There MUST be exactly one IE present in the SIP, i.e. the newspaper edition.
There MUST be preservation metadata at the package level in the preservation/premis.xml file.
There MUST be preservation metadata at the representation level in the respective preservation/premis.xml files.
Preservation metadata in the SIP MUST be limited to the PREMIS metadata schema.
Only the MD5 hashing algorithm is allowed to compute the fixity, thus:
The value of element premis:premis/premis:object[@xsi:type="premis:file"]/premis:objectCharacteristics/premis:fixity/premis:messageDigestAlgorithm MUST be set to MD5.
The value of attribute premis:premis/premis:object[@xsi:type="premis:file"]/premis:objectCharacteristics/premis:fixity/premis:messageDigestAlgorithm/@valueURI MUST be set to "http://id.loc.gov/vocabulary/preservation/cryptographicHashFunctions/md5".
There MAY be descriptive metadata at the representation level (e.g. information about the representations, such as a title or a description).
Package METS
The csip:CONTENTINFORMATIONTYPE attribute MUST be set to OTHER and the csip:OTHERCONTENTINFORMATIONTYPE attribute MUST be set to https://data.hetarchief.be/id/sip/1.1/newspaper.
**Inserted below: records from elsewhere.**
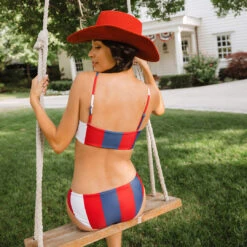 Liberty Stripe Hipster Bottoms -Swim Shoreline 89A7719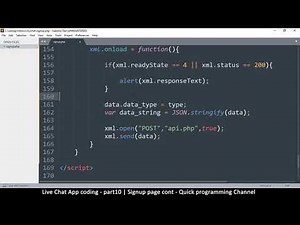 Live chat app | Part10 collect user input2 | Javascript, AJAX, HTML, CSS, JSON, PHP, MYSQL Tutorial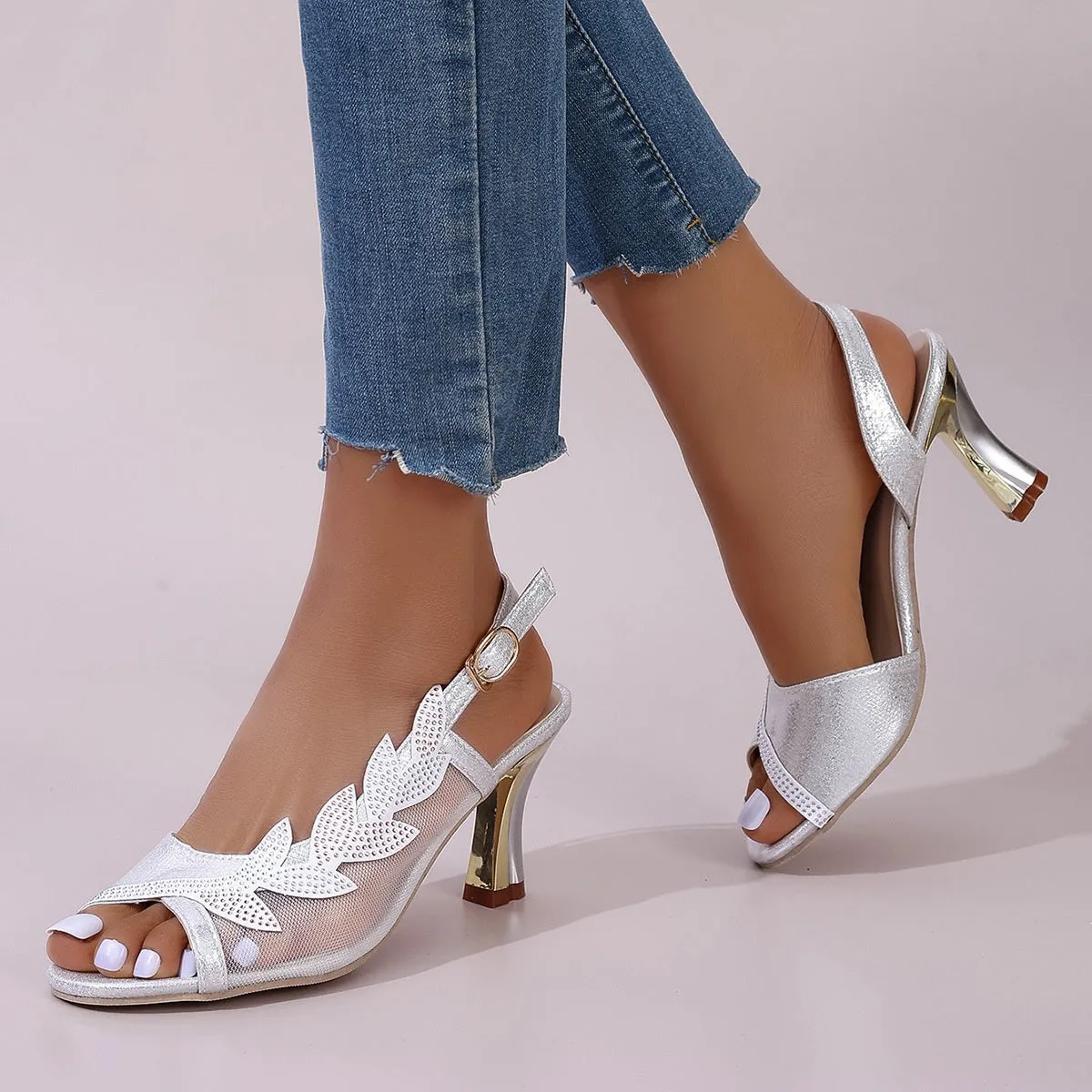 Women's Open Toe High-Heeled Sandals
The mets/dmdSec/mdRef/@MDTYPE attribute MUST be set to DC or MODS.
Package Descriptive Metadata
Either a descriptive/mods.xml or a descriptive/dc.xml descriptive metadata file MUST be present at the package level. In case they both occur, the descriptive/dc.xml file is ignored.
The descriptive/mods.xml file MUST follow the MODS metadata schema (v3.7.).
The descriptive/mods.xml file MUST contain a shared identifier with the preservation/premis.xml to indicate which PREMIS object is being described in the descriptive/mods.xml file.
The MODS metadata in descriptive/mods.xml MUST be limited to the elements and attributes outlined below.
Element
mods:mods
Name
MODS root element
Description
This root element MUST contain the XML schema namespace of MODS. It MUST NOT contain any other XML schema namespaces besides MODS.
Cardinality
1..1
Obligation
MUST
Attribute
mods:mods/@version
Name
MODS version attribute
Description
This attribute indicates which version of MODS is being used. It MUST be set to 3.7 to indicate conformance with MODS v3.7.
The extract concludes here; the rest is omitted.